Allongé sous la remorque, en plein effort pour desserrer un boulon, il n’avait pas remarqué que le morceau de bois mis en place pour caler le timon avait commencé à glisser. Brusquement, il cède et la remorque-citerne pesant quelque 9 tonnes tombe sur sa jambe, écrasant le mollet et le pied. Cloué au sol, la jambe pliée, la circulation du sang coupée par le poids qui l’écrase, il se trouve dans une situation dramatique. Sur des kilomètres autour de lui, il n’y a personne.

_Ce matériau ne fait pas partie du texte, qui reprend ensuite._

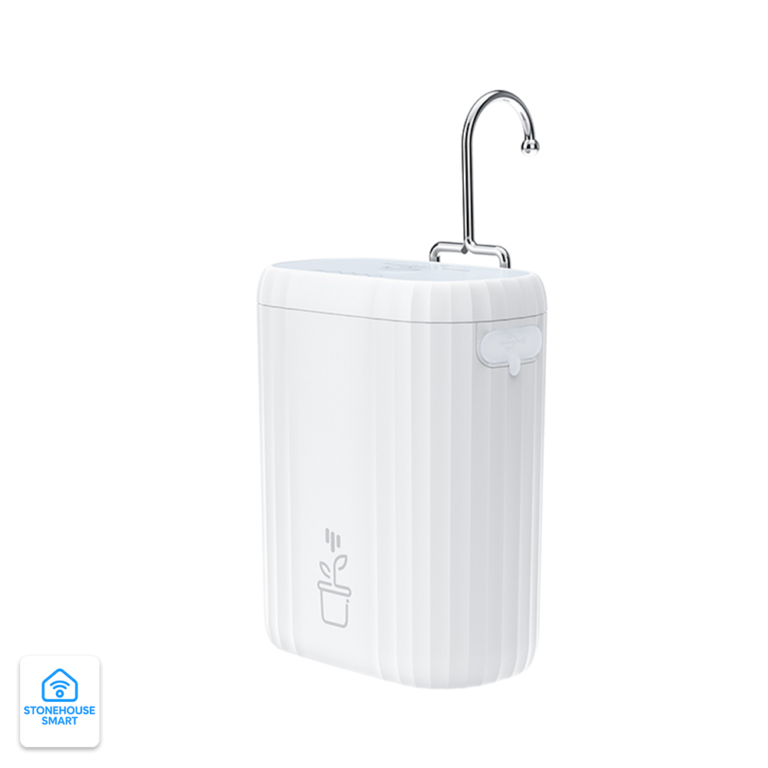 Automatic Irrigation System - App Controlled - Wi-Fi - Smart Irrigation Control - Water wherever you are!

Ce matin-là, le 1er octobre 2013, Barry Lynch, entrepreneur agricole de 54 ans, est parti à 5 heures du matin de son domicile dans le Queensland, au nord de l’Australie pour se rendre aux immenses plantations de canne à sucre où il doit répandre un traitement.

Arrivé sur place dans son pick-up, il prépare rapidement le matériel et démarre le puissant tracteur, auquel est attelé une grande remorque-citerne. Soudain, au moment où il franchit une crête, le timon de la remorque casse sous le poids du chargement.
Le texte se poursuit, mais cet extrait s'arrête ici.